Family Skeletons

The purpose of this blog is quite simple. I hope that by sharing stories and personal essays about my family –and perhaps yours if you care to participate- we can all learn more about where we came from. By doing that, maybe we handle our present day problems in a manner that will enable us to become better people.

Monday, July 24, 2006

It wasn't brain fever.

For most of my life, I was under the impression that my mother had brain fever when she was seven years old. I’d heard the story a thousand times. As it turned out, she didn’t. But what she had was just as bad.

According to her, one morning she didn’t want to go to school. Her mother made her go, telling her to just go on, she’d feel better when she got there. So on to school she went, feeling worse by the minute. Finally, in the afternoon, she asked the teacher if she could go home early. Bad request. That got her slapped across the face by the teacher.

Incidentally, if you’re wondering how a teacher could get away with that, remember that the year was 1912. Teachers were the absolute rulers of their classroom and got away with almost anything. All too often, if the parent found out that the teacher slapped or whipped their child, it was assumed to be justified and the child got it even worse from the parent.

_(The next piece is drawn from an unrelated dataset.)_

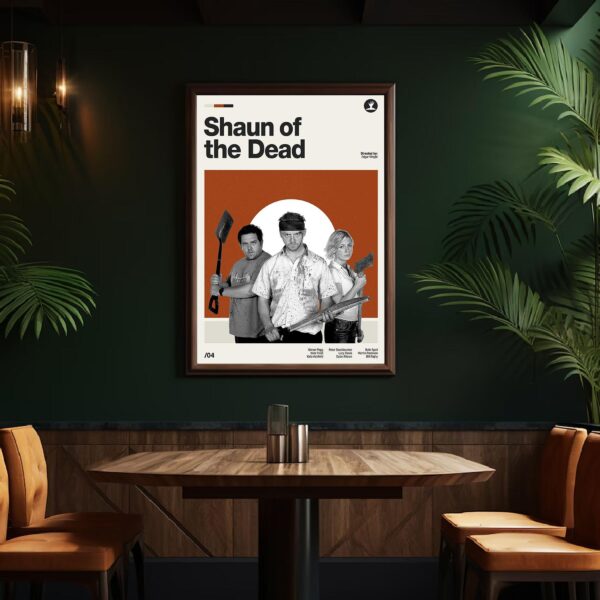 Shaun of the Dead mid-century poster retro artwork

Anyway, my mother made it to the end of the day and started walking home. Between her and the house was a park. Keep in mind that this wasn’t a park such as the ones we know today. No, this was basically in a natural, heavily wooded state with some cleared areas that had large barbeque pits dug into the ground. They also filled with water whenever you had a heavy rain. I know this because my mother talked about falling into one and her brother pulling her out by her hair (it was quite long) before she drowned.

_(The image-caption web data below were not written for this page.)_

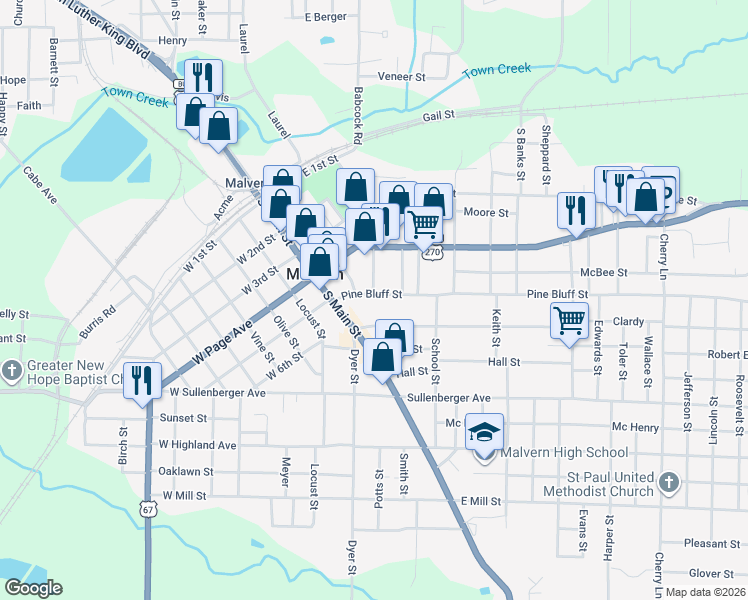 map of restaurants, bars, coffee shops, grocery stores, and more near 212 Pine Bluff Street in Malvern
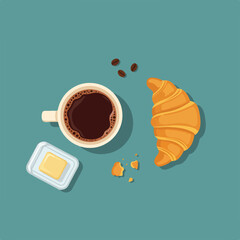 A top-down shot showcases a breakfast spread of coffee, a croissant, coffee beans, and butter on a teal background.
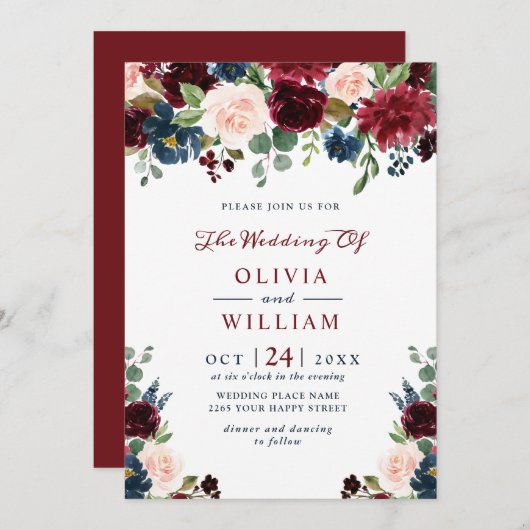 ブルガンディネイビーブルー赤面ウォーター色結婚フローラ 招待状 (正面/裏面)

Whether or not the pits were filled with water that day she was trying to make it home, I don't know. It really didn’t matter. If she’d even fallen into a dry pit, she’d died before anyone found her. As it was, she managed to make it thru the park and all the way to the house before she passed out. Her mother found her at the bottom of the steps.

Unconcious and her tongue clamped between her teeth, her mother got her to bed and called the doctor. When the doctor arrived, they finally managed to get her tongue back in her head, but then she clamped her teeth together, which made it impossible to give her any medicine orally, never mind food.

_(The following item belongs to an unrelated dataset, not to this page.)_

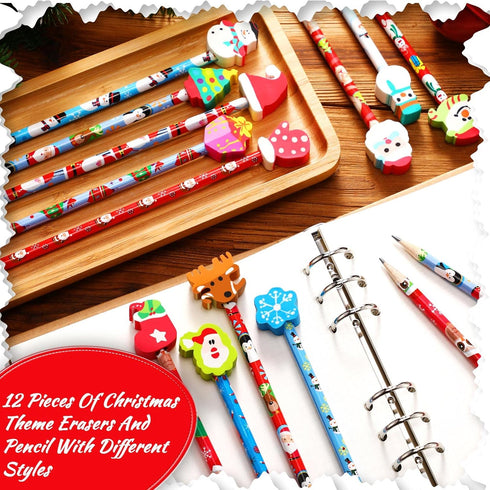 Christmas Pencils with Eraser Toppers - Multicolored Wooden Snowman Santa Claus for Kids Classroom Supplies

The doctor gave my grandmother a tongue-lashing for not having screens on the windows, telling her that he told her this was going to happen. Having made the obligatory health speech, he went back to tending my mother. Apparently he stayed at the house most of the time for the next two weeks. Since her teeth were clamped, the only medicine he could administer was Quinine injections in the hips. My mother said that her mother told her the doctor told her he hated to do it because my mother probably would never walk again.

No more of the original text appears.